After he left; any problem that would occur – the students would claim it wouldn’t happen if he was there. If they weren’t getting the menus they wanted, or the lights weren’t working or the water wasn’t warm – it was because he wasn’t there. All he did was give. He would go on a walk at 11 pm each night through the whole campus , checking for any extra light bulb that was switched on or any faucet that had been left open. He would wake up at 5am on Sundays to take the girls on their weekly run and then he would treat them to sweet bread that was sold on the street. When I took over this duty, they would all claim – “Uncle Bashir used to do this , Uncle Bashir used to do that – ” They were big shoes to fill – not that I had any chance of filling them.
He was known to take the volunteers for night walks where he would switch off his torch and we would stare up at the African sky.
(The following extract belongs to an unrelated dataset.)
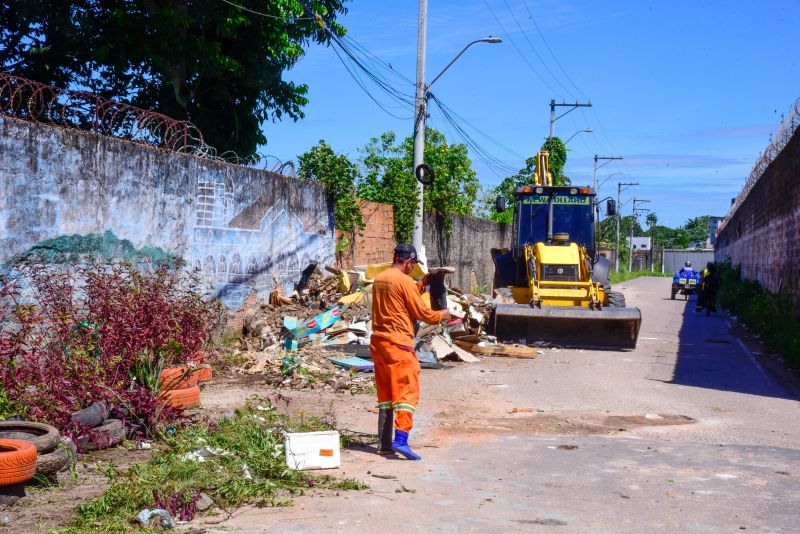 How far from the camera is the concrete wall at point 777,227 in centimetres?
1897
He would explain every tree that we passed, and show the students the biogas project that he had initiated and brought into creation.He was a man who wanted to educate, educate, educate. When he wasn’t working at WIPAHS – he was off bringing electricity to a small orphanage that were struggling with funding. We had gone to see at least 3 different orphanages outside of Kibaha and he had found a way to pledge money towards those projects. He gave inspiration to the older kids telling them that if they did well in their studies, he would find a way to fund their technical colleges and their aspirations.He was a man with a heart. A very big heart.
He had vision and he believed that anything was possible. He would push everyone to be the best they could be and didn’t believe in wasting time. We lost a great man today. A gentle soul. He was taken away so suddenly. It’s a reminder. Death is a reminder to live. Live as he did. So that even when you are gone, people talk about you with tears in their eyes and smiles on their lips.
Dear Uncle Bashir .
I was lucky to know you.No, I was blessed. I was even blessed to have been at your funeral. To be able to see the many people who loved you. But, I know that there are many many children who love you who could not have been here. I know you read this blog religiously so this one’s for you:there is not enough to be said about you. It is not even enough to say that you have left a gaping hole in our hearts. You will be remembered not simply as a man but a hero to many. A father-figure to those that did not have one and a loving soul. Hopefully we will be able to carry on your work with as much vigor as you did. You are always in our prayers. We will miss you
Inna Lillahi Wa Inna Illahi Rajioon – Surely we belong to God, and to him we shall Return (1:156)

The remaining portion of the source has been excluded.